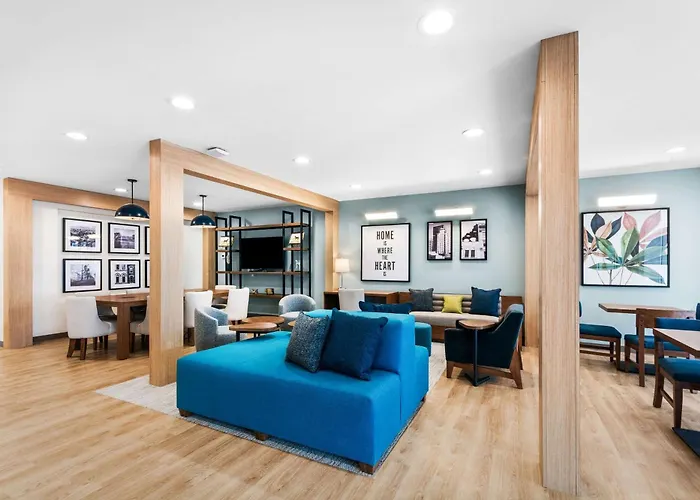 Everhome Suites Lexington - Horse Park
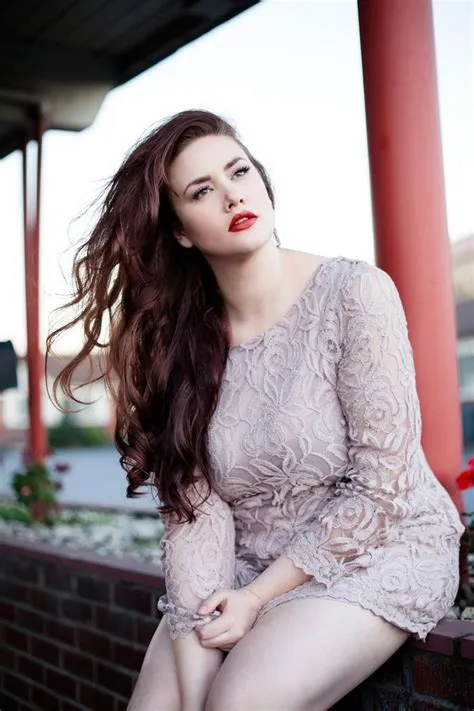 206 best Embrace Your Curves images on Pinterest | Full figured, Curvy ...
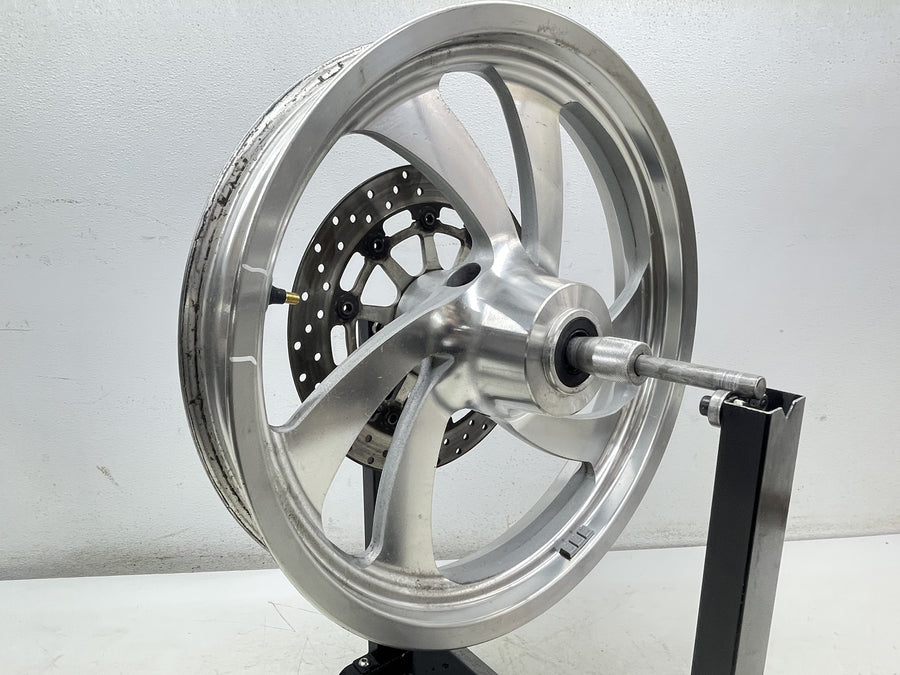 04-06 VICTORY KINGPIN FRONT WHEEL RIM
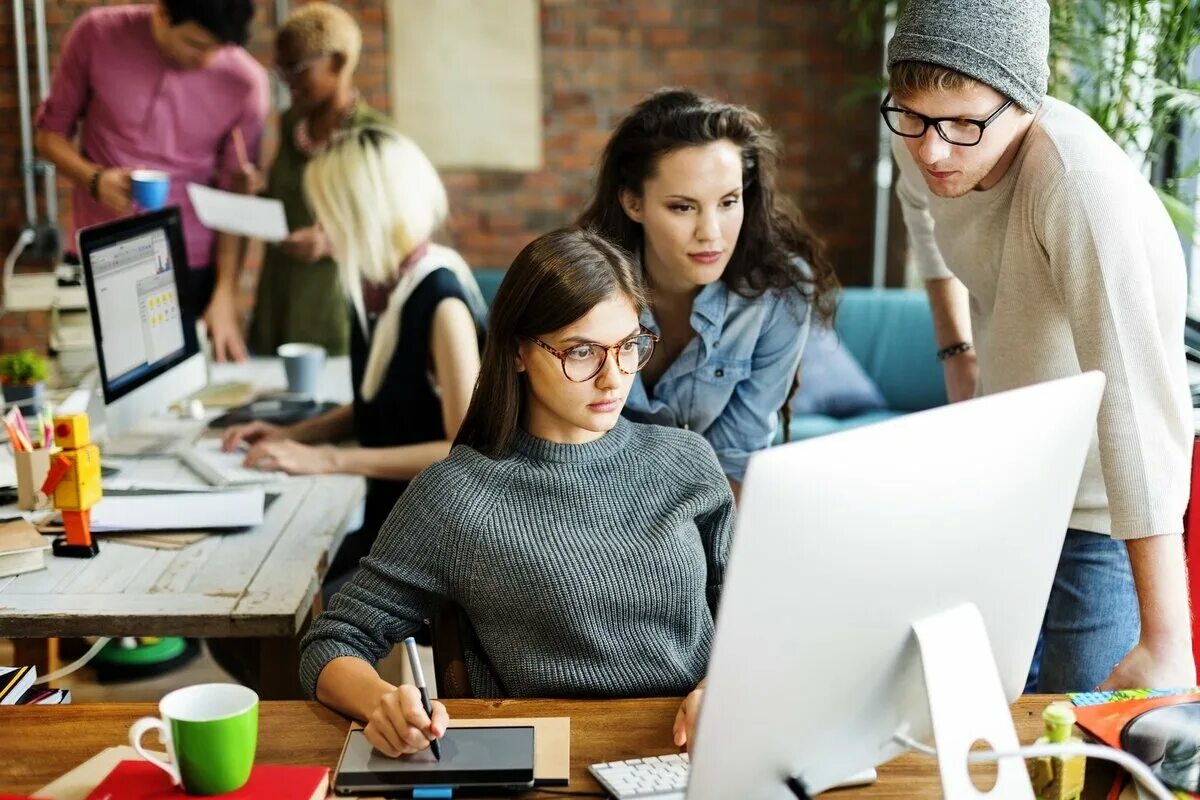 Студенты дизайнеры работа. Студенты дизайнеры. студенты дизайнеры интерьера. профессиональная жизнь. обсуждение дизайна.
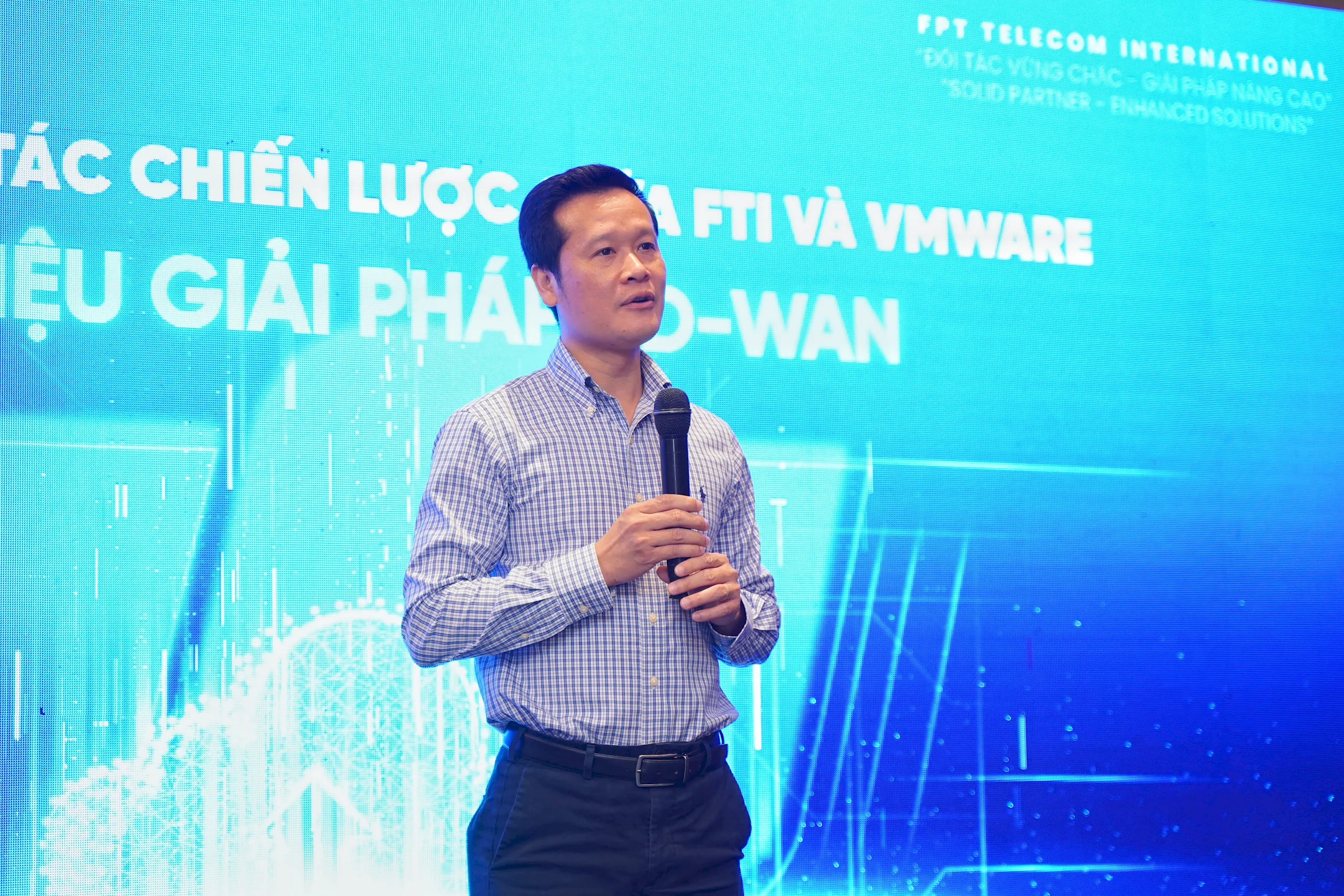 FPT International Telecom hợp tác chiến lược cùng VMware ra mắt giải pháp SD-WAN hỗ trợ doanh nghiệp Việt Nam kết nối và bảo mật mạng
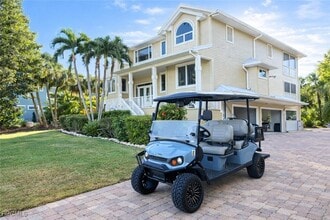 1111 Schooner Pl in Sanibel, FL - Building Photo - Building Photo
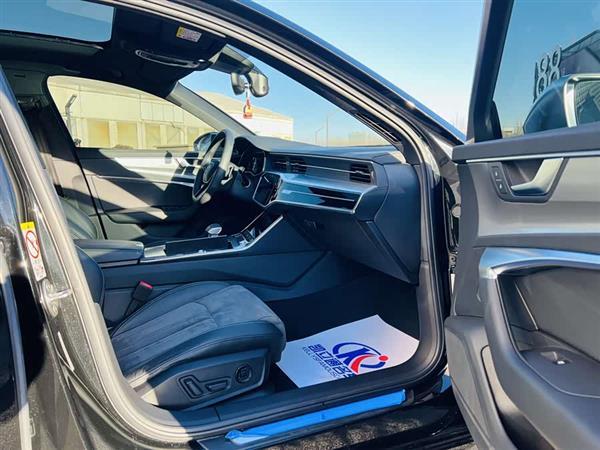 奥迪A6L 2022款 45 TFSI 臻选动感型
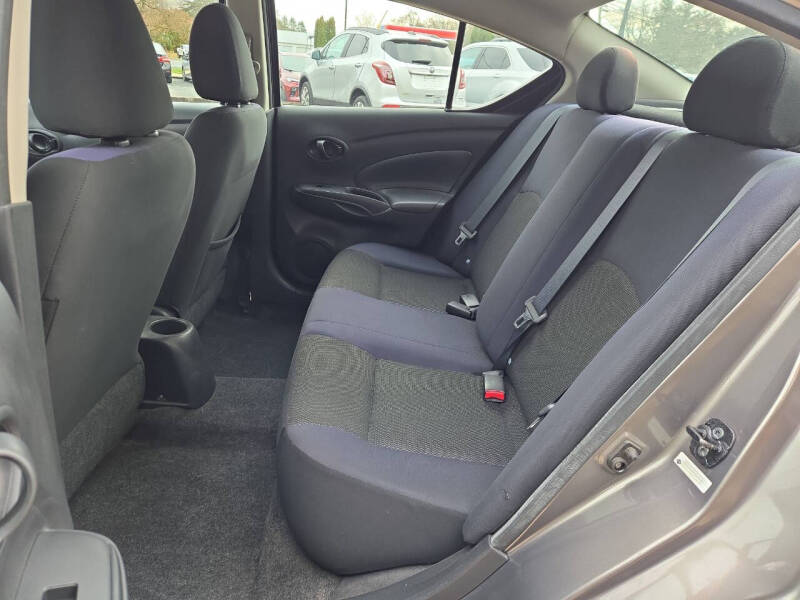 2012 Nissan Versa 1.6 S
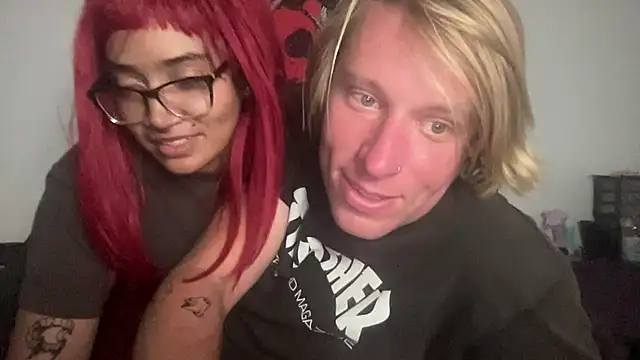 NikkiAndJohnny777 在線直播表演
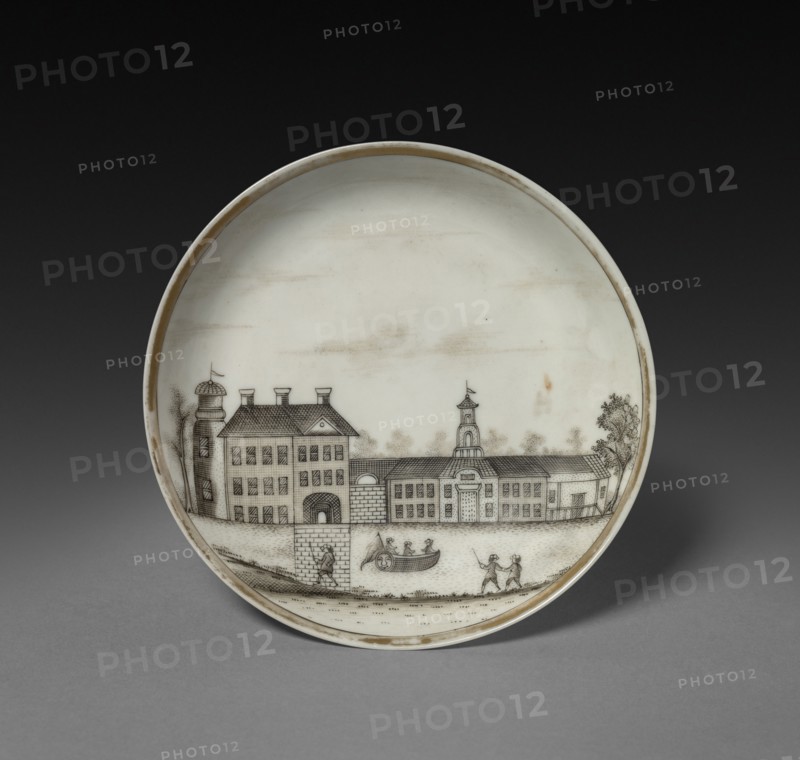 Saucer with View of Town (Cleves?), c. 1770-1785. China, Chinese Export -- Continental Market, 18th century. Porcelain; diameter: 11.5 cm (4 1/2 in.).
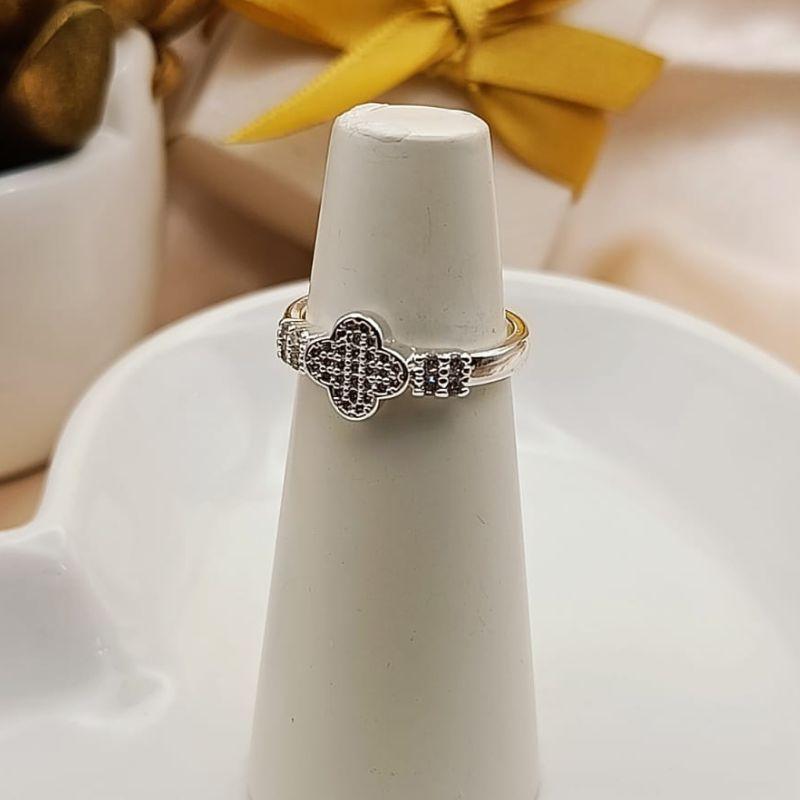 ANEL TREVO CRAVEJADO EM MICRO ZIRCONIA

· · · · · · ·

*What is expected:* Please retype the lines from the one that contains "04-06 VICTORY KINGPIN FRONT WHEEL RIM" to the final line of the records, both included, exactly as written and without any pictures.

*Task result:*
 04-06 VICTORY KINGPIN FRONT WHEEL RIM
 Студенты дизайнеры работа. Студенты дизайнеры. студенты дизайнеры интерьера. профессиональная жизнь. обсуждение дизайна.
 FPT International Telecom hợp tác chiến lược cùng VMware ra mắt giải pháp SD-WAN hỗ trợ doanh nghiệp Việt Nam kết nối và bảo mật mạng
 1111 Schooner Pl in Sanibel, FL - Building Photo - Building Photo
 奥迪A6L 2022款 45 TFSI 臻选动感型
 2012 Nissan Versa 1.6 S
 NikkiAndJohnny777 在線直播表演
 Saucer with View of Town (Cleves?), c. 1770-1785. China, Chinese Export -- Continental Market, 18th century. Porcelain; diameter: 11.5 cm (4 1/2 in.).
 ANEL TREVO CRAVEJADO EM MICRO ZIRCONIA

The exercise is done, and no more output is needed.